Find the line with "2211 Midhurst Dr, Arlington, TX" in the records below, then please transcribe it and every later line exactly, omitting the pictures and adding nothing.
==== DATA FOR THIS TASK
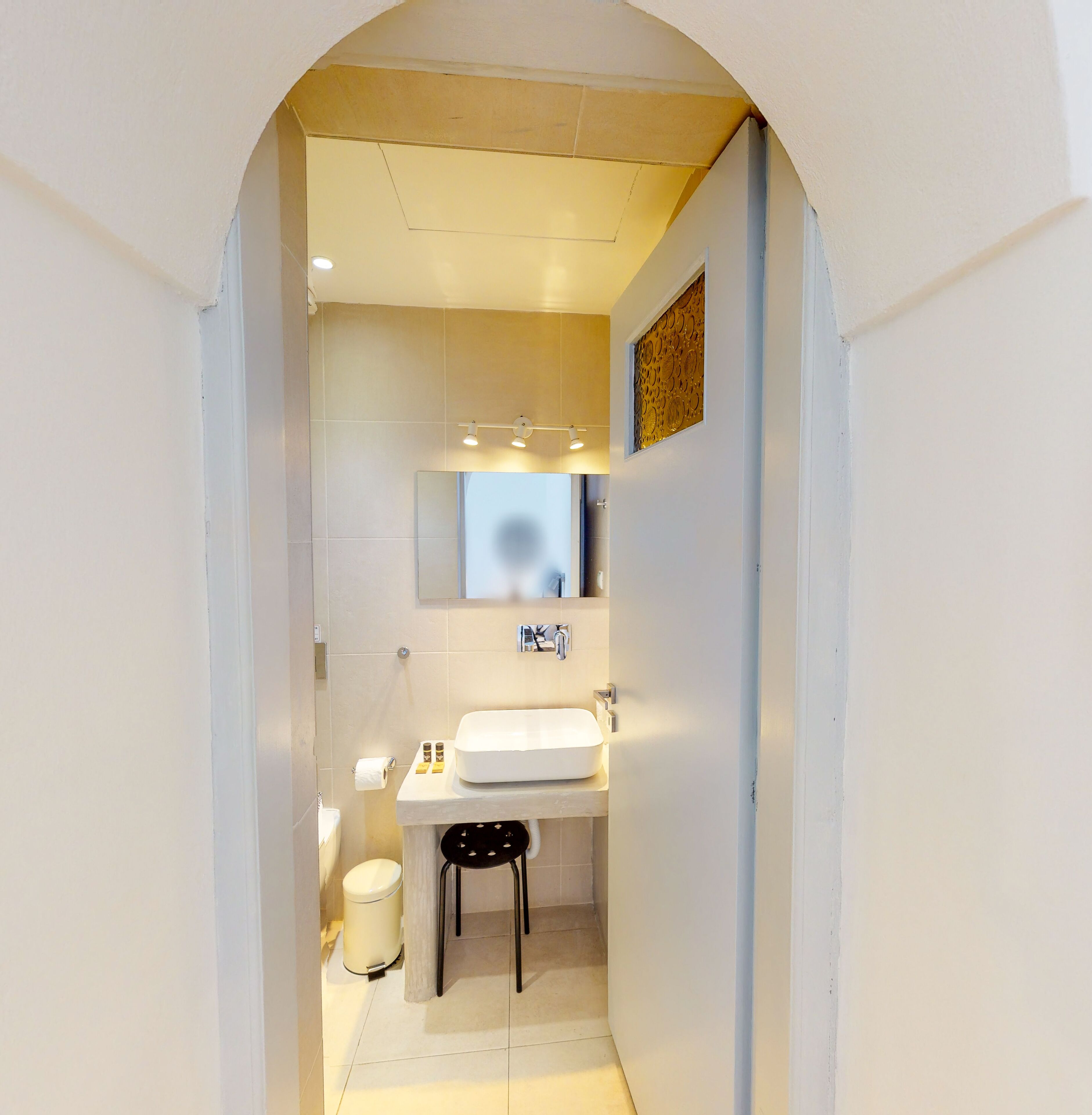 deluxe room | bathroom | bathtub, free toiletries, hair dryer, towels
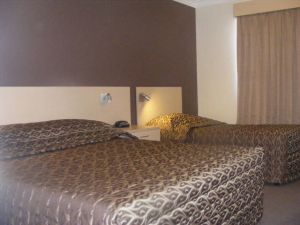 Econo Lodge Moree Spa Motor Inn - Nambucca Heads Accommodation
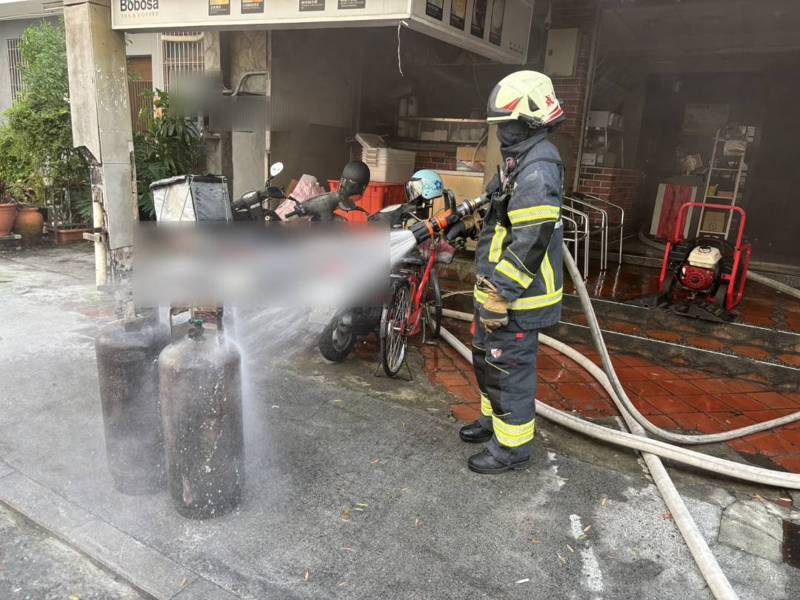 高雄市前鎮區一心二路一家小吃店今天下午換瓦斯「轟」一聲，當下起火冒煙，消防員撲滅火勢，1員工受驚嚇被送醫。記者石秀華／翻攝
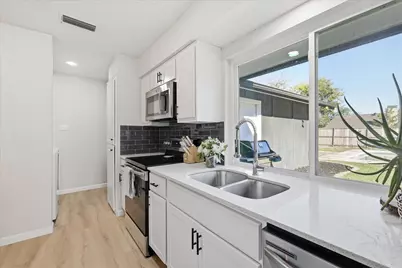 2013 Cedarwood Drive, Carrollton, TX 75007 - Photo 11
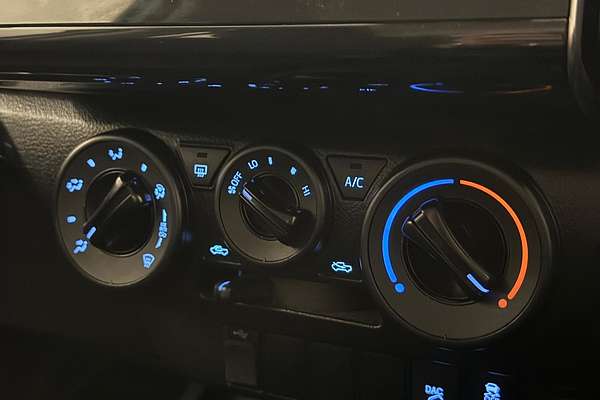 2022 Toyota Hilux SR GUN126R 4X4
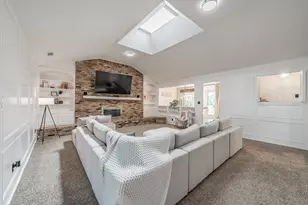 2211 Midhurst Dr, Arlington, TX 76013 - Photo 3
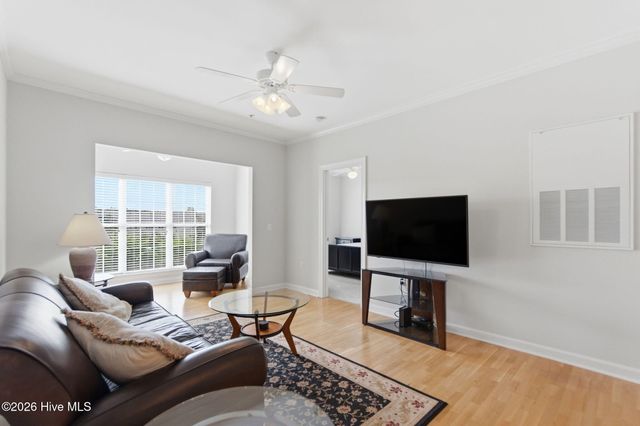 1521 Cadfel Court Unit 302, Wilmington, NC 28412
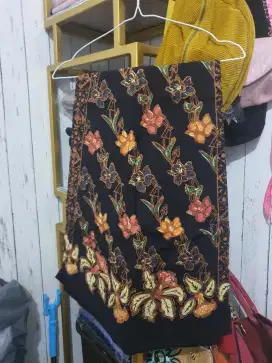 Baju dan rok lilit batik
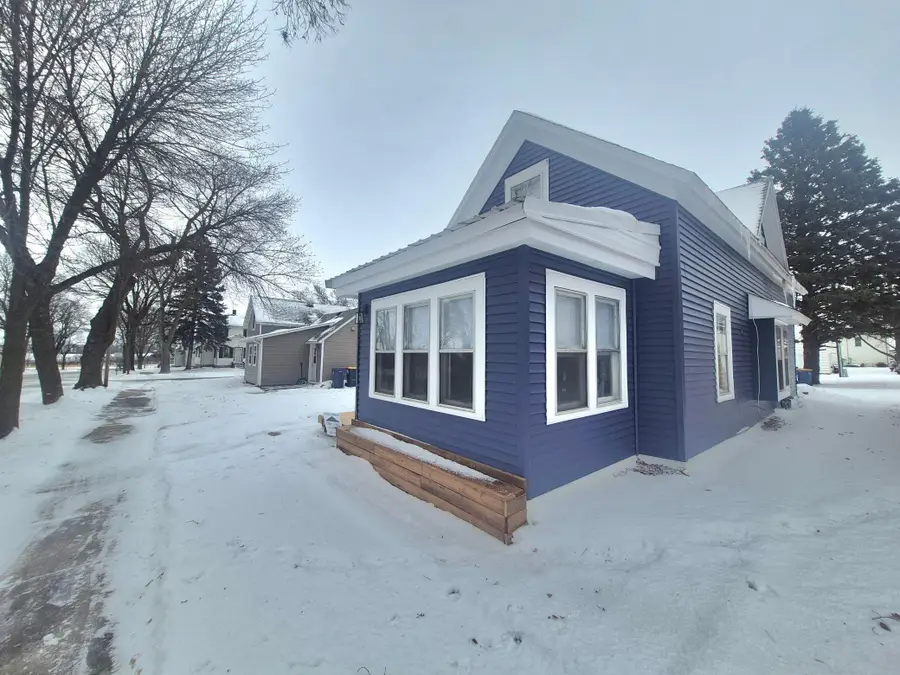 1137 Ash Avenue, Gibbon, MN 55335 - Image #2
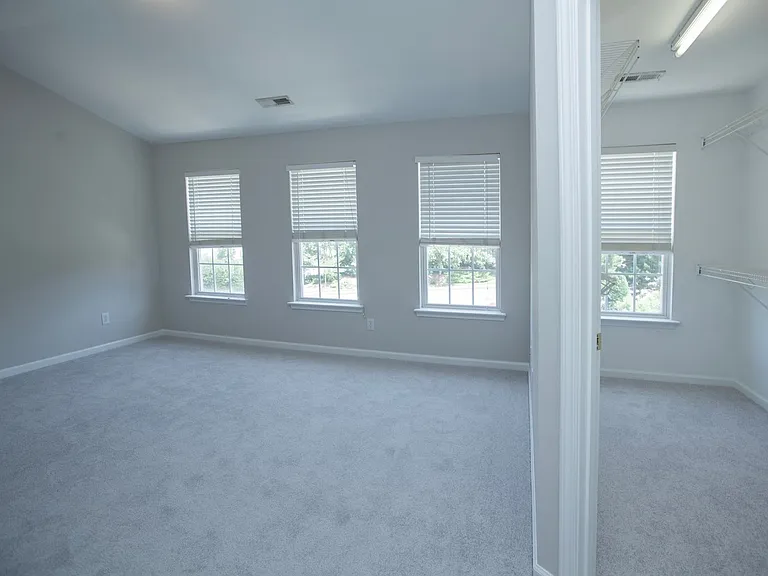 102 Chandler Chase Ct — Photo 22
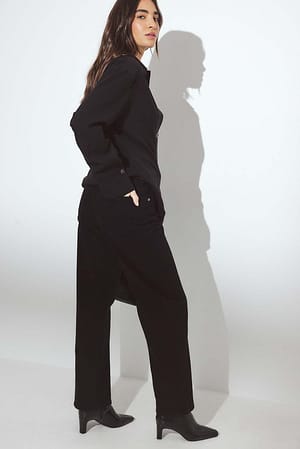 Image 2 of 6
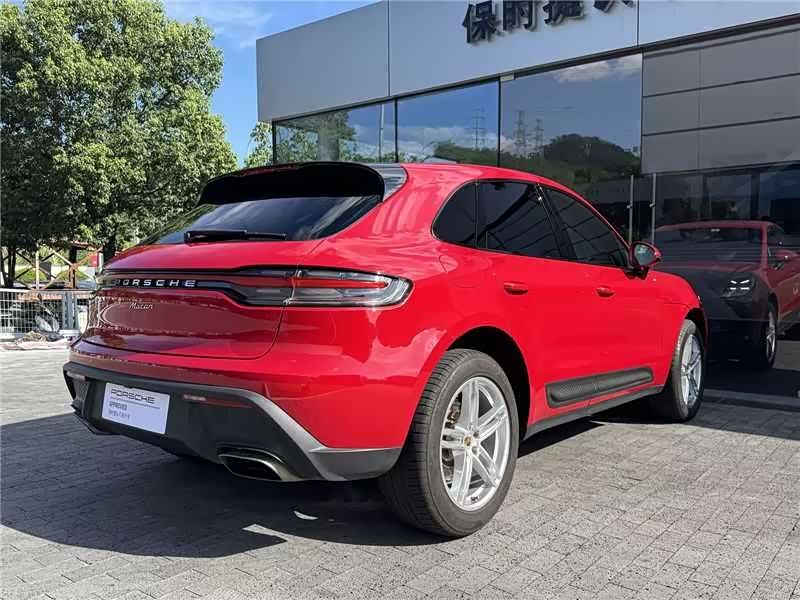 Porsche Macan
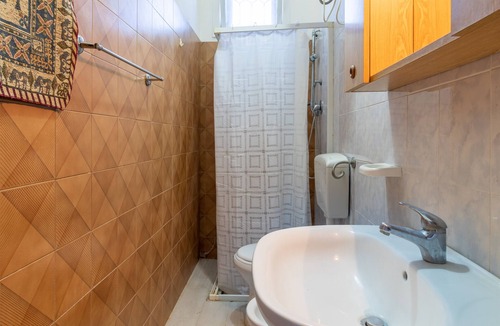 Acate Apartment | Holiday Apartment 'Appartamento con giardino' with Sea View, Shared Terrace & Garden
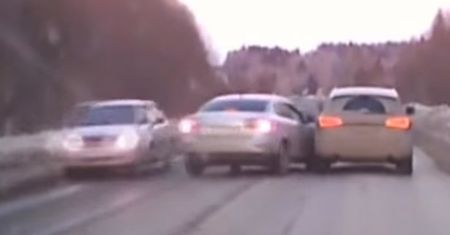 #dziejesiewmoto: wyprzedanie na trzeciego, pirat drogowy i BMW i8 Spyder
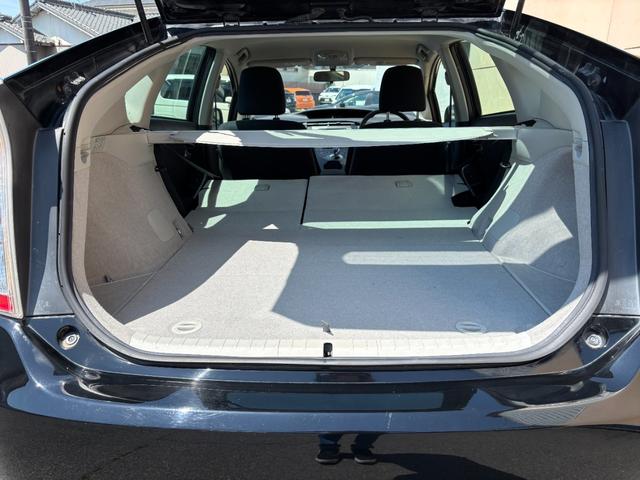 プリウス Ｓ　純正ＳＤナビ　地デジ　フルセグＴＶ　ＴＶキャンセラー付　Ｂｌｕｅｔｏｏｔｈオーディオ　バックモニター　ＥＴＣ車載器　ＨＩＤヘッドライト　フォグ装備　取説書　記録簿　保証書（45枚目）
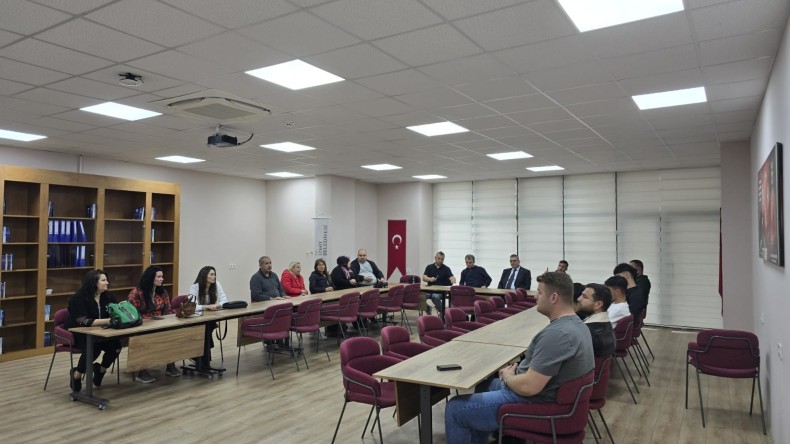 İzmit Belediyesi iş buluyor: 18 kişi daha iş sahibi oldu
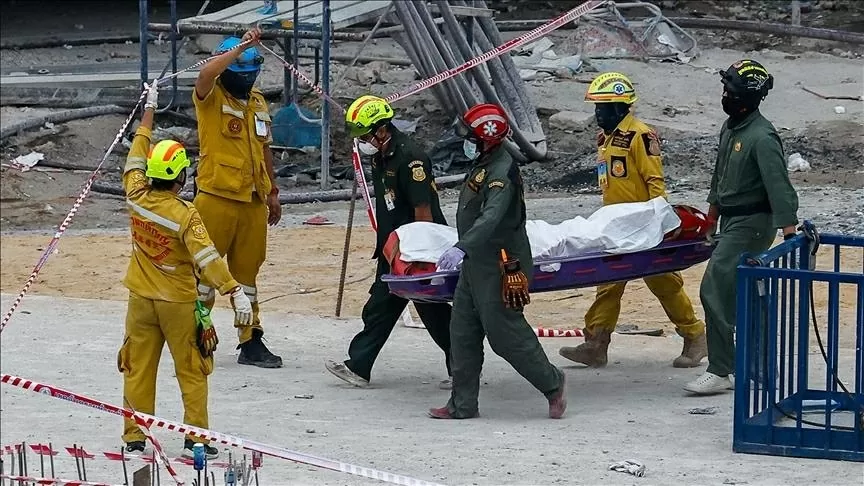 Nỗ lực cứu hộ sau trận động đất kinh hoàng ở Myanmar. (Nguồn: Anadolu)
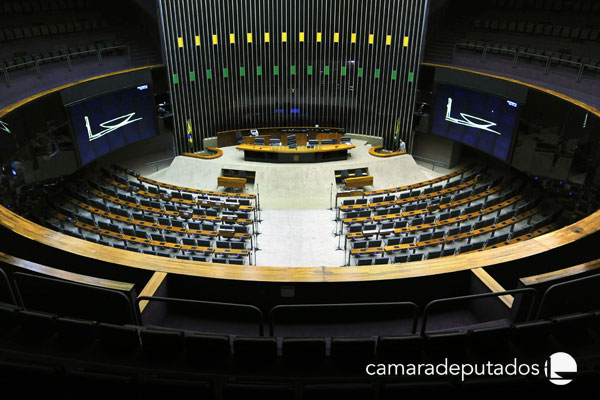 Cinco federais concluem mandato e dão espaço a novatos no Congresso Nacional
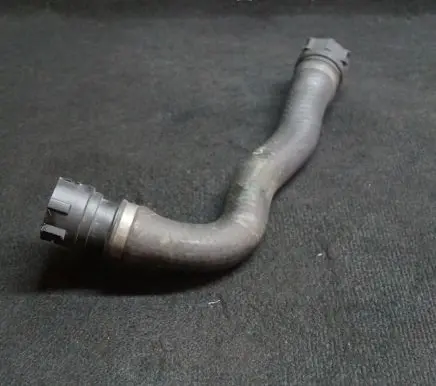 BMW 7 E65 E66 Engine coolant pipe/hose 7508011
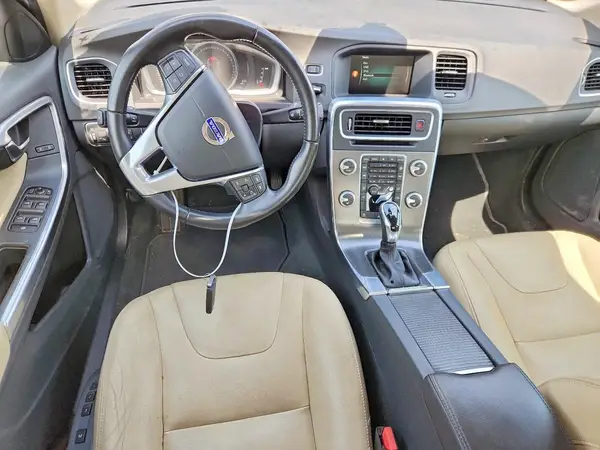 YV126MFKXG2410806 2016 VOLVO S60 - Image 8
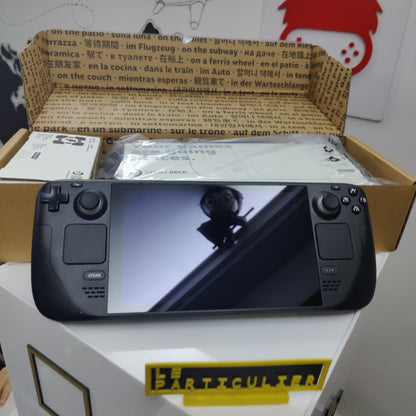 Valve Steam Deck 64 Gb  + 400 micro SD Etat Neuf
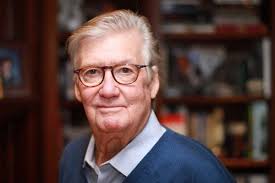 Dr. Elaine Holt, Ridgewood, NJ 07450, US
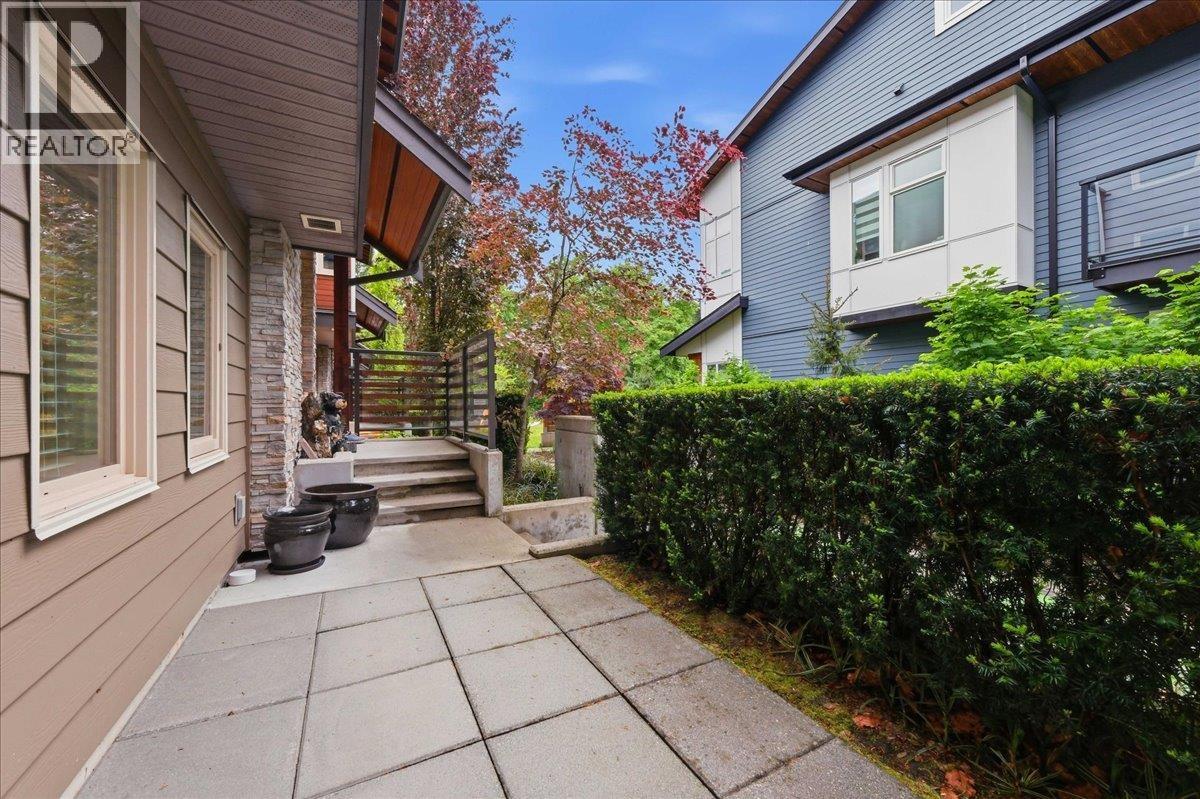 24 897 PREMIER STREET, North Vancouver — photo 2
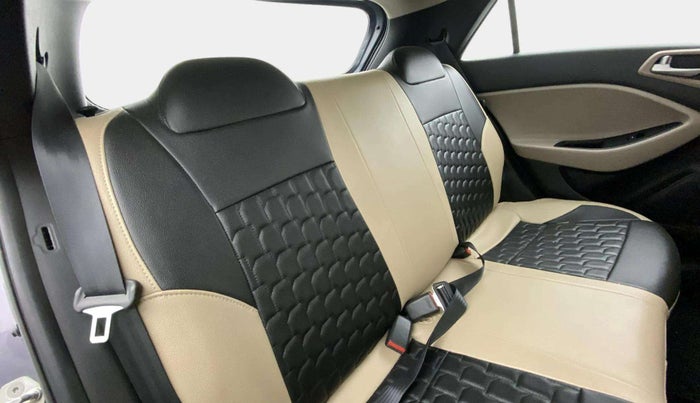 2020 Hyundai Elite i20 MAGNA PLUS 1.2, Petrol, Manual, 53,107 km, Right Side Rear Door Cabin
========
## SOLVED PROBLEM
 2211 Midhurst Dr, Arlington, TX 76013 - Photo 3
 1521 Cadfel Court Unit 302, Wilmington, NC 28412
 Baju dan rok lilit batik
 1137 Ash Avenue, Gibbon, MN 55335 - Image #2
 102 Chandler Chase Ct — Photo 22
 Image 2 of 6
 Porsche Macan
 Acate Apartment | Holiday Apartment 'Appartamento con giardino' with Sea View, Shared Terrace & Garden
 #dziejesiewmoto: wyprzedanie na trzeciego, pirat drogowy i BMW i8 Spyder
 プリウス Ｓ　純正ＳＤナビ　地デジ　フルセグＴＶ　ＴＶキャンセラー付　Ｂｌｕｅｔｏｏｔｈオーディオ　バックモニター　ＥＴＣ車載器　ＨＩＤヘッドライト　フォグ装備　取説書　記録簿　保証書（45枚目）
 İzmit Belediyesi iş buluyor: 18 kişi daha iş sahibi oldu
 Nỗ lực cứu hộ sau trận động đất kinh hoàng ở Myanmar. (Nguồn: Anadolu)
 Cinco federais concluem mandato e dão espaço a novatos no Congresso Nacional
 BMW 7 E65 E66 Engine coolant pipe/hose 7508011
 YV126MFKXG2410806 2016 VOLVO S60 - Image 8
 Valve Steam Deck 64 Gb  + 400 micro SD Etat Neuf
 Dr. Elaine Holt, Ridgewood, NJ 07450, US
 24 897 PREMIER STREET, North Vancouver — photo 2
 2020 Hyundai Elite i20 MAGNA PLUS 1.2, Petrol, Manual, 53,107 km, Right Side Rear Door Cabin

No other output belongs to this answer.